Afbeelding
Foto: Aangeleverd

Column - “Jullie herdenken jullie ramp zelfs nog na 70 jaar”

Algemeen

Het is maandagochtend, half tien. In de wachtkamer van het IJsselland Ziekenhuis zit een man somber voor zich uit te staren. Net als ik houder van een ruime weekbaard. 

Ik lees mijn AD, hij staart voor zich uit. 

Totdat hij naar de foto in mijn krantje kijkt. Daarna gaan zijn ogen naar mijn gezicht en zoekt hij contact. “Meneer, vindt u het ook zo erg wat daar gebeurt?” Ik kijk hem aan en denk dat hij de verschrikkelijke situatie in Turkije en Syrië bedoelt en knik instemmend. “Meneer, mijn familie is daar. Ik kom uit Syrië. Ik woon nu vijf jaar in Capelle, maar mijn hart is daar. Mijn familie is daar. Ik kan niets doen, meneer. Ik wil helpen. Maar hoe? Als ik terugga, word ik opgepakt en ga ik gevangenis in. Ik wilde niet in het leger vechten tegen mijn landgenoten. Ik ga toch niet mensen uit eigen stad doodschieten? Daarom ik ben gevlucht naar Nederland. Hier woonden vrienden die ook niet in leger wilden. Nu willen we allemaal terug om te helpen. Maar het kan niet. Wij zijn gevlucht. Niet meer welkom in eigen land. Wij moeten nu hier blijven. Het land is kapot. Verscheurd. Door burgeroorlog. Maar nu is ook de grond gescheurd. De grond beeft. Veel mensen liggen levend begraven onder stenen. Het is zo erg, meneer.”

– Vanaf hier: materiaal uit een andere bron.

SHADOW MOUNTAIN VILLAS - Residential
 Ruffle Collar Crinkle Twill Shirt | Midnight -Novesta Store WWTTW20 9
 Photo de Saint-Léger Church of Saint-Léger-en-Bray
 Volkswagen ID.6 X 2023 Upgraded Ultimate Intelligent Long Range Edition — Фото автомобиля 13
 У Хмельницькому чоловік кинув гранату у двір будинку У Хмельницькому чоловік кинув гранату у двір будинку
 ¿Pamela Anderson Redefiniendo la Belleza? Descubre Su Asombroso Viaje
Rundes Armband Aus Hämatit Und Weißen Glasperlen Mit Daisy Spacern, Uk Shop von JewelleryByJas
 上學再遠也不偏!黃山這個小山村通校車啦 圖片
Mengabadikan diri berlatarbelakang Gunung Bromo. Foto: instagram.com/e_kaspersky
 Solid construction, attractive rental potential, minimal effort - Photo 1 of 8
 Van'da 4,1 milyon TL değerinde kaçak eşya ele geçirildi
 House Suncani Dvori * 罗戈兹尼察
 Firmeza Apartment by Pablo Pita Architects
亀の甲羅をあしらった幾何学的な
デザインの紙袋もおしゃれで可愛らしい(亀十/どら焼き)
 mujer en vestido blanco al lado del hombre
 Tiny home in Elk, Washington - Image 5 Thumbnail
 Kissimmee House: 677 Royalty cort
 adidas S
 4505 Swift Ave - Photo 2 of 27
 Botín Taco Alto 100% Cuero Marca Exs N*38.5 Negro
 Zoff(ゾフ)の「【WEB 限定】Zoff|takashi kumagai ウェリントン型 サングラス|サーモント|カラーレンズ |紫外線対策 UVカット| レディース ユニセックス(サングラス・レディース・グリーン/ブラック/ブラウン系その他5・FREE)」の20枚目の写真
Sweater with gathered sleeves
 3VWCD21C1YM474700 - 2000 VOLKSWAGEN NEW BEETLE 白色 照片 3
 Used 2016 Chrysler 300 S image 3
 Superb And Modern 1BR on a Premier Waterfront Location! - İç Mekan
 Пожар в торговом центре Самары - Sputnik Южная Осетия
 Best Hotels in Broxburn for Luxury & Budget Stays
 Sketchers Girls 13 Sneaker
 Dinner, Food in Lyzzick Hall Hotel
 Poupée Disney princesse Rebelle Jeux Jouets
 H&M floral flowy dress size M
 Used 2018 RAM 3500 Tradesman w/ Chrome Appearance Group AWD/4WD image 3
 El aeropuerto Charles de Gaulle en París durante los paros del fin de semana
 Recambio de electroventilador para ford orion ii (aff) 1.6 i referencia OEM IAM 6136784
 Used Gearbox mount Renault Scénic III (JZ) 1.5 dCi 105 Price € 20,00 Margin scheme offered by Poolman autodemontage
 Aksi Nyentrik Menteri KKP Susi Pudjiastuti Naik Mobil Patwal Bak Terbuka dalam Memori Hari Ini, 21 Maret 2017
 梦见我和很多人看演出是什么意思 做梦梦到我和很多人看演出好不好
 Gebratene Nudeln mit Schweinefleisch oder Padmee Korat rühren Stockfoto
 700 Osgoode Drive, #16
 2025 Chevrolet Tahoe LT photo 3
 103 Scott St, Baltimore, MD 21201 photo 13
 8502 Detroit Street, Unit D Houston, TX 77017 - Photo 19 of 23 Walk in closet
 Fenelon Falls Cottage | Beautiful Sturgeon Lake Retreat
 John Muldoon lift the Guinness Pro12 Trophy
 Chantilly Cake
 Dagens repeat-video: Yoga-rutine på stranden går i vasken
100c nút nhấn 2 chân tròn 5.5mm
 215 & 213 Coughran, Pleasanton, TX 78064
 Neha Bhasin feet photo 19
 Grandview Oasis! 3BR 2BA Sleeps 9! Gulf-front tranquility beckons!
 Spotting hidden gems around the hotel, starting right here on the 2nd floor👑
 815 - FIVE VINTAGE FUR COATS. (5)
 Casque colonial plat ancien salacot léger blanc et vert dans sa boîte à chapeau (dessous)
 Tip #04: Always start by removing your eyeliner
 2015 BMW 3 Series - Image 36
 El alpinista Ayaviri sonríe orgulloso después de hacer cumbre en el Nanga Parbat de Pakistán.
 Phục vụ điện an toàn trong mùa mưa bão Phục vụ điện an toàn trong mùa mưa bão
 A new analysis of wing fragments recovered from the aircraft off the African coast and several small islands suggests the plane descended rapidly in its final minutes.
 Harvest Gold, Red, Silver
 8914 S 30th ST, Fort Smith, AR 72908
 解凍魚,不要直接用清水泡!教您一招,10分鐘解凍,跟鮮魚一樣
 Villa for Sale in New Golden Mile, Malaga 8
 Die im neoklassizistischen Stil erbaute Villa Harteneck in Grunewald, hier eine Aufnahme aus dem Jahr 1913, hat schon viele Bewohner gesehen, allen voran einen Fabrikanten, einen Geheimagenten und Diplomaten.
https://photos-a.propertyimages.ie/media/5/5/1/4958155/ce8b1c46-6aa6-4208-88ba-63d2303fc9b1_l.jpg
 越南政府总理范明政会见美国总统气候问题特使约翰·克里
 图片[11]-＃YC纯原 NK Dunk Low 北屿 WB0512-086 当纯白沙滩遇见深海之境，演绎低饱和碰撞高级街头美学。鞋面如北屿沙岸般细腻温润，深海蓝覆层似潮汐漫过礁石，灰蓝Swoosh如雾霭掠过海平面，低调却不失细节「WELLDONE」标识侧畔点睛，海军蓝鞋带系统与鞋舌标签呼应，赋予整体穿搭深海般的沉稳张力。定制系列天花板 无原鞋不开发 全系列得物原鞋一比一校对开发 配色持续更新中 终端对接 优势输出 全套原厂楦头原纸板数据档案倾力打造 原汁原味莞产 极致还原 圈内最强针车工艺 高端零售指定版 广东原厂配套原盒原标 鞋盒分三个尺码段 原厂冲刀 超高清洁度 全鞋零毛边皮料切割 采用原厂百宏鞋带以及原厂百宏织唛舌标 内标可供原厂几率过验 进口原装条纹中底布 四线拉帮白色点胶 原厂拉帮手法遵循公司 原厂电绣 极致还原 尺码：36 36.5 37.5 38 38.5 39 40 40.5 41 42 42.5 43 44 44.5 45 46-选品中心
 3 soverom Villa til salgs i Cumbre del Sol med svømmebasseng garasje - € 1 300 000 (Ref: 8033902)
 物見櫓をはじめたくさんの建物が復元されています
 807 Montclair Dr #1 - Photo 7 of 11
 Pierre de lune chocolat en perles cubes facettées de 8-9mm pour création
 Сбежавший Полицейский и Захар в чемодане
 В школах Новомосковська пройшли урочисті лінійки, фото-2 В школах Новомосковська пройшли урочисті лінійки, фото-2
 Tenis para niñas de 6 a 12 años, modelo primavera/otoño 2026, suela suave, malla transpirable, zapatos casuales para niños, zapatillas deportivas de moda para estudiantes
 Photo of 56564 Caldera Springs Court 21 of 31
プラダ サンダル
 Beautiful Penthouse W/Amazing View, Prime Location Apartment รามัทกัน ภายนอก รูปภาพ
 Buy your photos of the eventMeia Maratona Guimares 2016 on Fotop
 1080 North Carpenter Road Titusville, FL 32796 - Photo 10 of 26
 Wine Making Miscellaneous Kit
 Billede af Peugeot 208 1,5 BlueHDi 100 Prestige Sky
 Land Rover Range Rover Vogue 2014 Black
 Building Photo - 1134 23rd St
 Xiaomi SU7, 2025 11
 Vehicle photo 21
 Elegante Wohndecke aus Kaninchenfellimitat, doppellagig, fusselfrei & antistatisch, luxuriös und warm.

Ik knik instemmend, meer kan ik ook niet doen. Al het leed in de wereld, het maakt mensen hier in het Gouden Westen depressief. Ruim twee procent van de wereld heeft het super goed voor elkaar, logisch dat de andere 98 procent hier naar toe wil komen. Maar wat kunnen wij in Capelle aan den IJssel doen om de mensen in nood te helpen?

De man vervolgt zijn gesprek. “Ik zag op tv dat jullie ook ramp hadden, het water stroomde Nederland in. Ik hoorde dat 1836 mensen zijn overleden. Jullie herdenken jullie ramp zelfs nog na 70 jaar.” 

“Bij deze aardbeving zijn meer dan tien steden als Capelle verwoest. Ik denk dat 50.000 mensen stierven. Deze aardbeving is hier over paar jaar weer vergeten, meneer. Dan zijn er weer andere grote rampen en oorlogen geweest. Zo gaat dat hier. Maar wij denken elke dag aan onze rampen. Voor altijd!”